The word “synesthesia” can mean many things, but for me is a reminder of the avant-garde of the 1890s in Paris, seeking the symbolist dream of a synthesis of the arts across the senses.  I suspect that FAWN’s artistic director Amanda Smith & the rest of the FAWN team are every bit as ambitious in our own century.

For me this was like a genuine laboratory, a study of the art of film music from first principles.  Just to really make us appreciate what music brings to the equation, we were first given a film without music, Dalsza Modlitwa by Sofia Bohdanowicz.  We heard sneezes and chairs moving and our own presence breaking the illusion.  Music covers up all those noisy people who distract me from my one-on-one relationship with the film, preventing me from falling deeply under its spell.  In fairness Bohdanowicz’s film was genuinely magical, a ghostly trace in honour of a lost grandmother.

Then we began a series of films each of which presented a different set of requirements for a composer.  FAWN artistic director Amanda Smith said as she brought us back after intermission that the collaborations had aimed to bring together good film-makers with good young composers: an aim that I believe was achieved.

Sometimes the music and the film seemed to be fighting.  Two of the early examples displayed very strong musical personalities that seemed to impose new meanings upon the film, in a manner we’ve seen in Regietheater or “director’s theatre”, a common phenomenon in opera.  This is not to suggest there’s anything wrong with that, but rather that we’re accustomed to music in a very compliant & subservient role, a post-production add-on that slavishly upholds whatever the director wants (at least in the commercial realm), rather than adding an additional interpretative layer.   And it turned out I was wrong about one of those films, given what we heard in the brief interviews conducted of film maker Stephen Broomer & composer Trevor Hewer, by Christopher Heron of The Seventh Art.  Where I’d seen Broomer’s film as abstract, Hewer saw something melancholy & even sentimental, and put that into his score; but it turned out this is precisely what Broomer was aiming for,  so they were clearly on the same page.

More often, the music worked in the conventional ways of film-music, which is to say, that it drew upon the images, creating a layer that was supportive & seemed to be a logical outgrowth of what we were seeing.

Conductor & composer Patrick Murray

I was most impressed by a score that wasn’t actually played live.  Patrick Murray, who conducted the FAWN ensemble of five players + a singer, created and recorded an electronic (digital or electro-acoustic?

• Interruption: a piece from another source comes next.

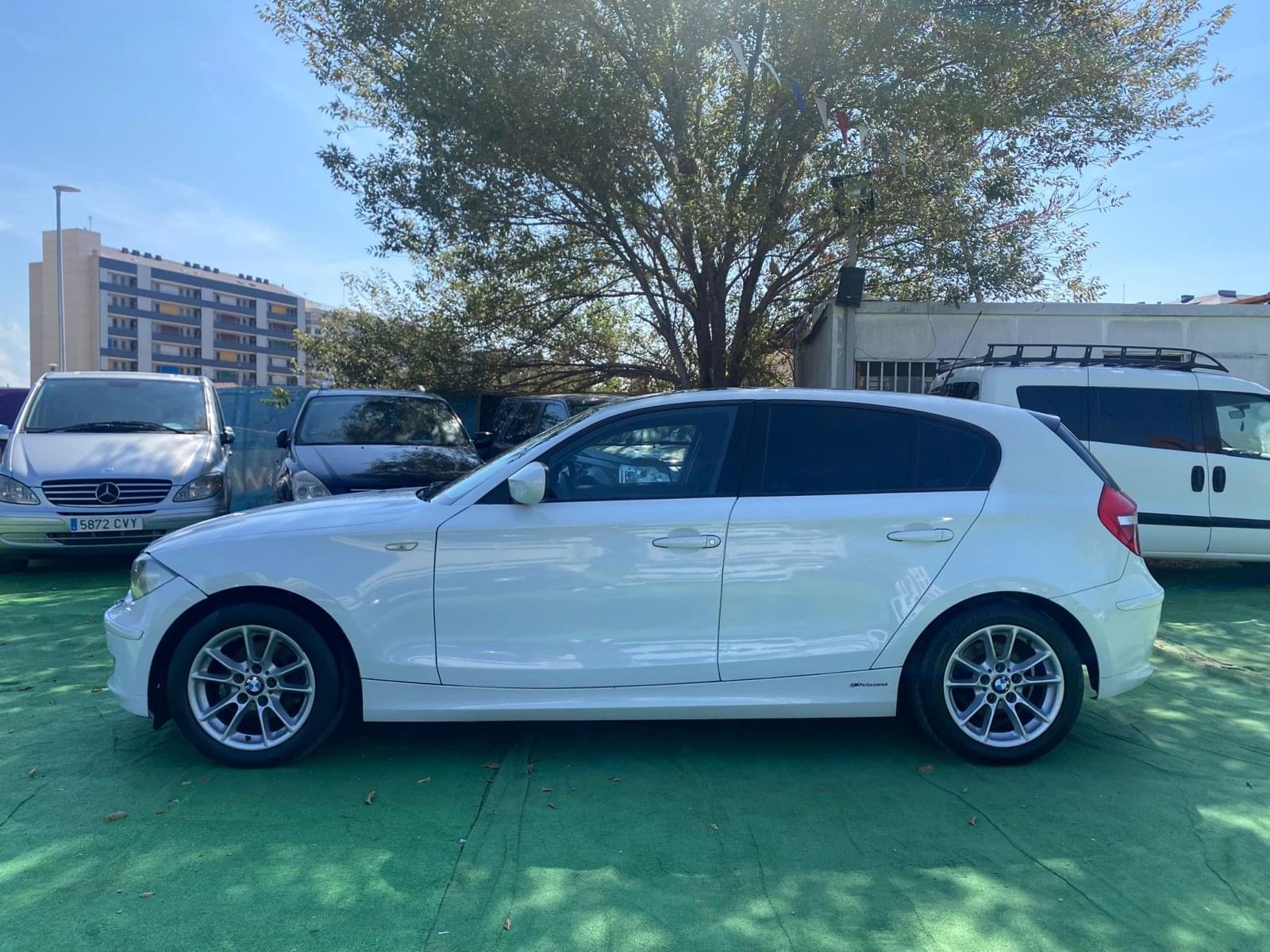 BMW 116D 2.0 116CV SPORT 6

I don’t know) composition to go with BOOTLEG, a film from Liam Crockard.  BOOTLEG is simultaneously the most conservative film in terms of its dramaturgy (I suppose I mean the relationship between film images & music) , yet most daring both in terms of the nature of what we saw and what we heard.  Here’s a quote from the program explaining the premise:

“In an homage to the dodgy concert videos of yesteryear, Crockard distorts his video to a point of pure abstraction, more akin to the textural film experiments of someone like Stan Brakhage.  Interestingly, this effect is achieved through the excessive use and abuse of iMovie’s built in “stablize and zoom” function, designed specifically to transform the most amateur iPhone video into something legible. “

And then Patrick Murray says this:

“When creating the music for Bootleg, I wanted to honour the same artistic process of degradation that Liam Crockard began his film with.  Audto samples from the original “bootleg” videos are severely distorted and overlaid with new sounds created using spectal synthesis of still frames drawn from the processed film.  Disorienting and overwhelming, the music nevertheless enhances the range of emotional intensity inherent in non-representational, abstract film.”

If Wagner himself had been scoring this film he couldn’t have honored it more perfectly in his score.  At times it was loud & raucous, yet this was music, not noise, and matched the abstracted visuals remarkably well.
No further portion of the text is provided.